• **Directions**
Starting at the top of the listing, extract every line up to and including the one with "Certified 2024 Porsche Cayenne image 8". Pictures stay out of the copy.

· · · ·

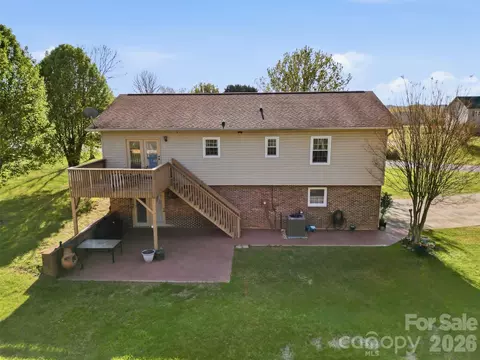 Exterior - 3918 Plum St, Conover, NC 28613 photo 2 of 3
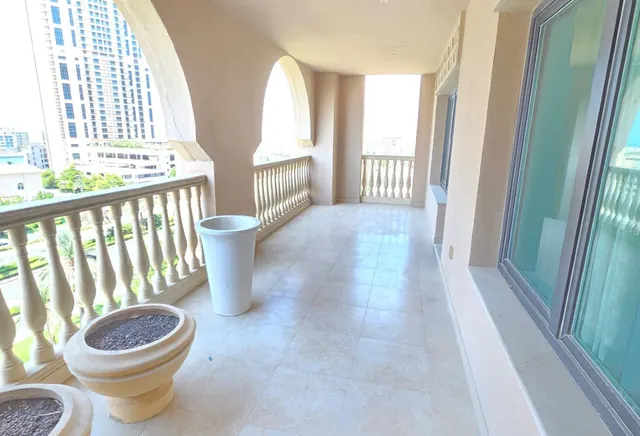Spacious Studio| Fully Furnished| With Balcony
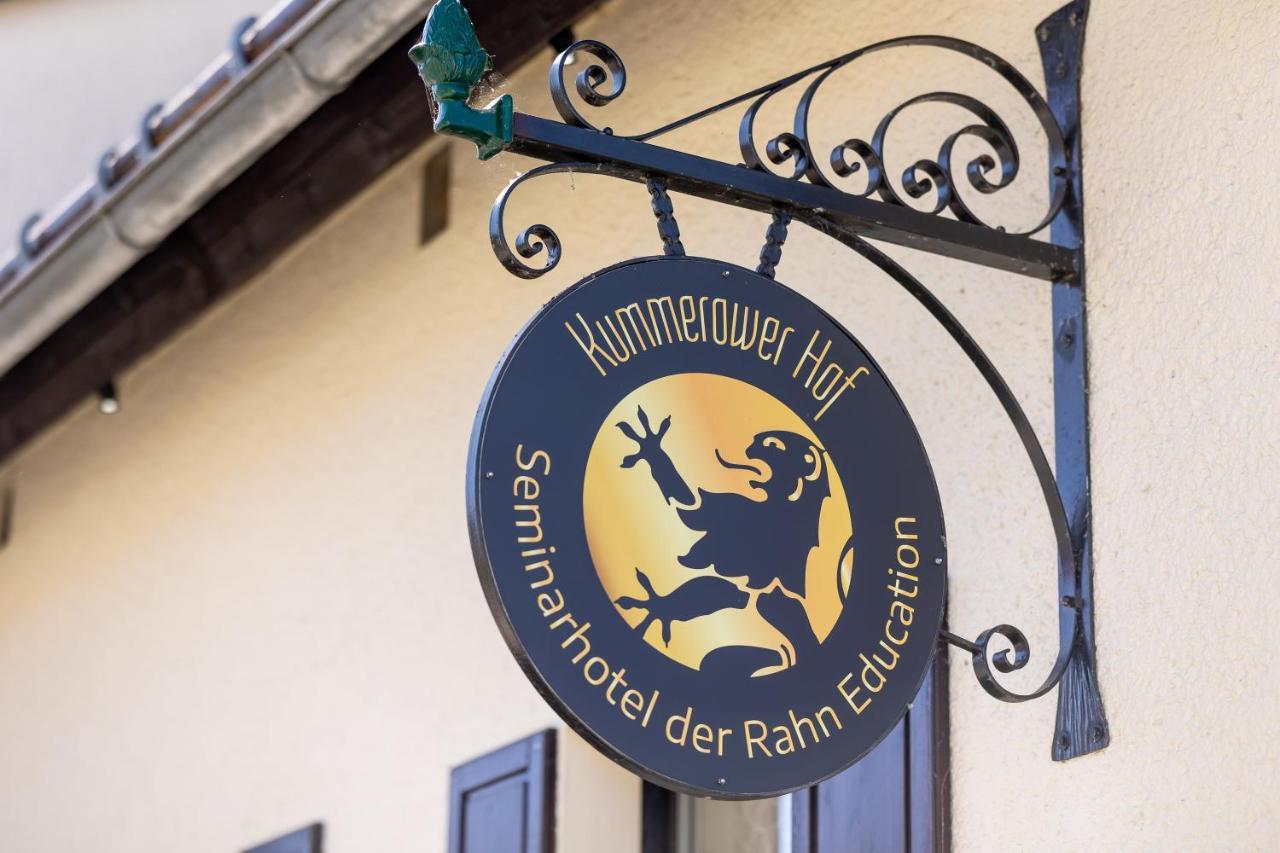 Kummerower Hof Нойцелле Екстер'єр фото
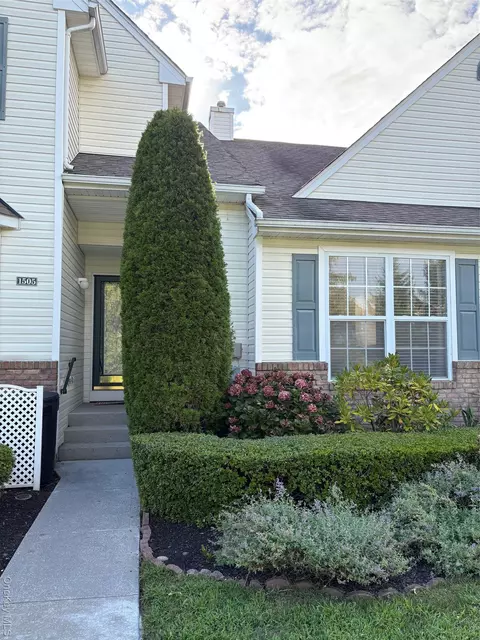1506 Nicole Dr, Port Jefferson Station, NY 11776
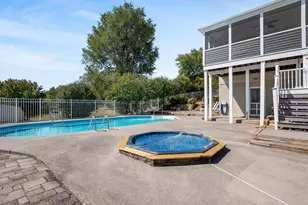 252 Punkin Ridge Dr, Clear Brook, VA 22624 - Photo 11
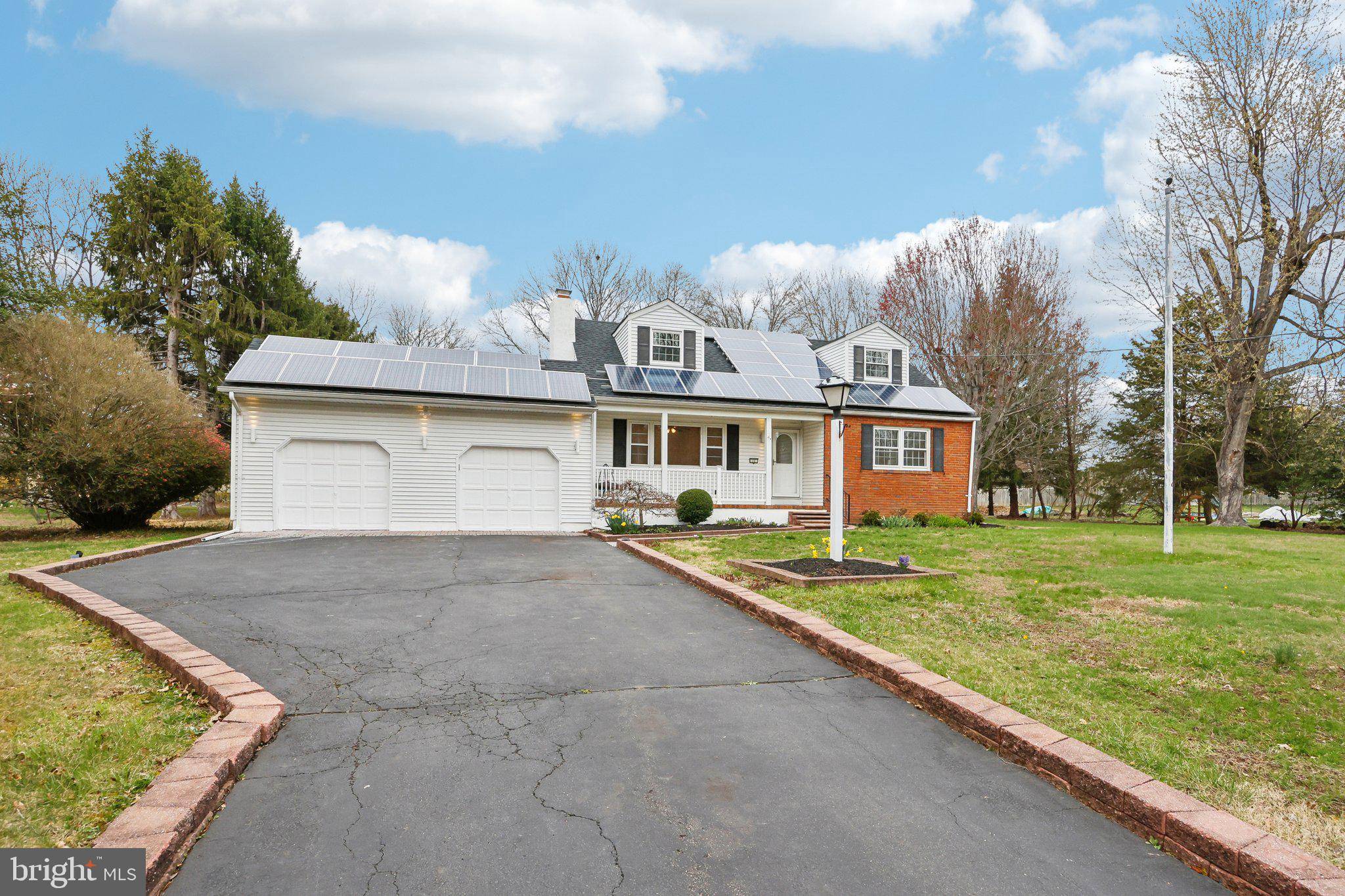 Robbinsville, NJ 08690,11 WINTERSET DR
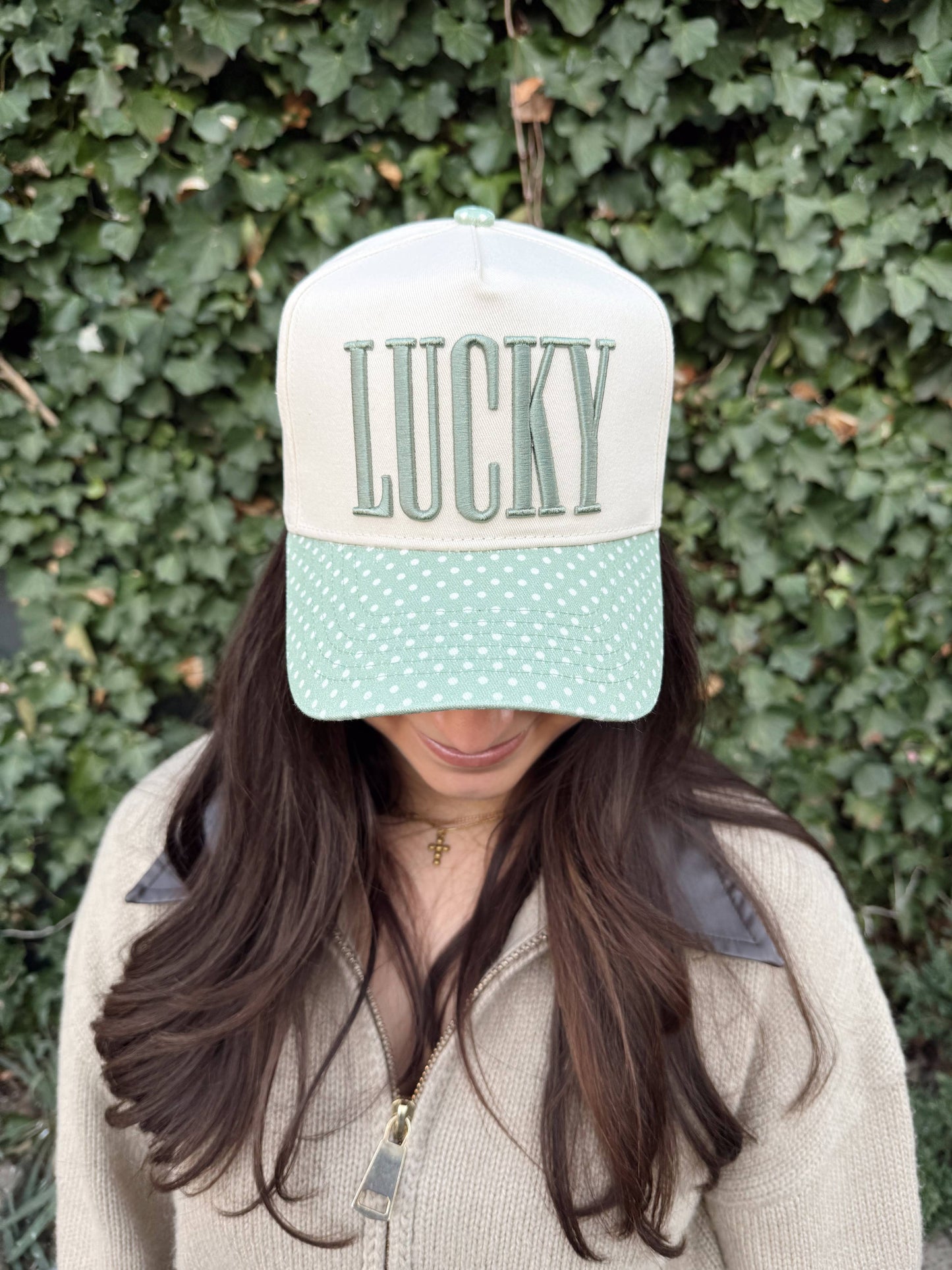 LUCKY hat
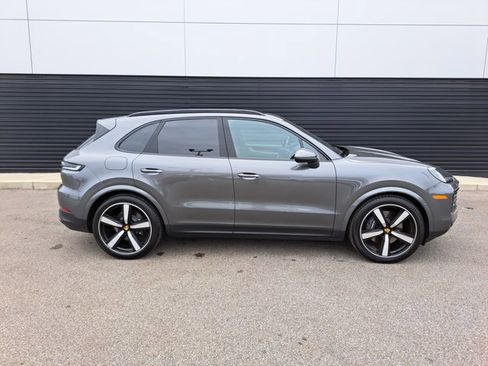 Certified 2024 Porsche Cayenne image 8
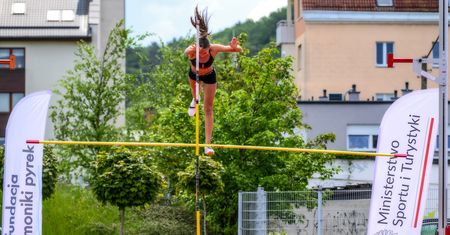 Tyczkarki i tyczkarze znów rywalizowali na zawodach u Moniki Pyrek. "Jestem z nich bardzo dumna"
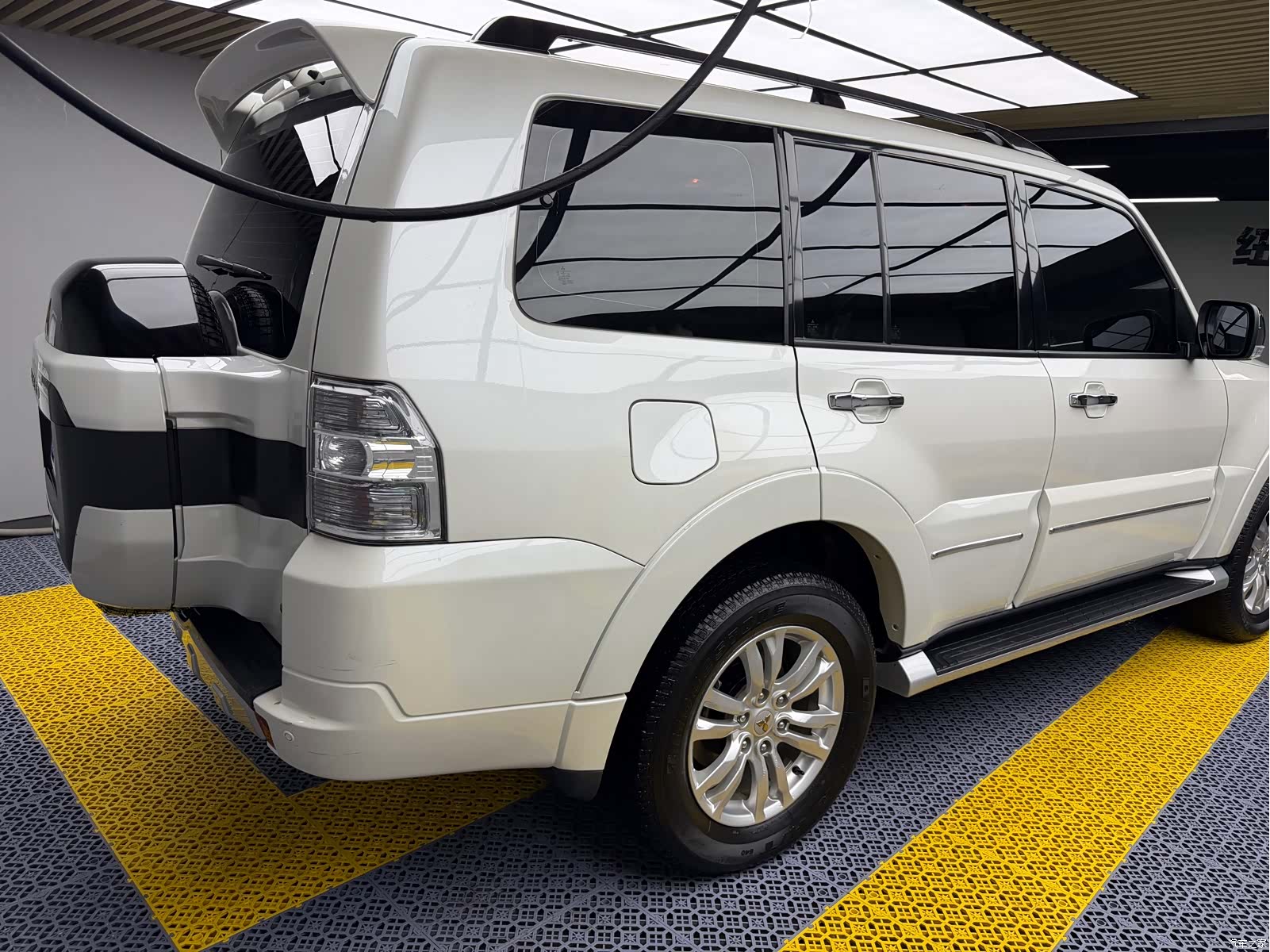 Mitsubishi Pajero, 2020 7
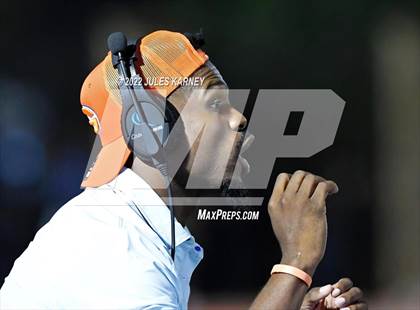 Thumbnail 3 in Mater Dei @ Bishop Gorman photogallery.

· · · ·

• **Exercise answer**
 Exterior - 3918 Plum St, Conover, NC 28613 photo 2 of 3
Spacious Studio| Fully Furnished| With Balcony
 Kummerower Hof Нойцелле Екстер'єр фото
1506 Nicole Dr, Port Jefferson Station, NY 11776
 252 Punkin Ridge Dr, Clear Brook, VA 22624 - Photo 11
 Robbinsville, NJ 08690,11 WINTERSET DR
 LUCKY hat
 Certified 2024 Porsche Cayenne image 8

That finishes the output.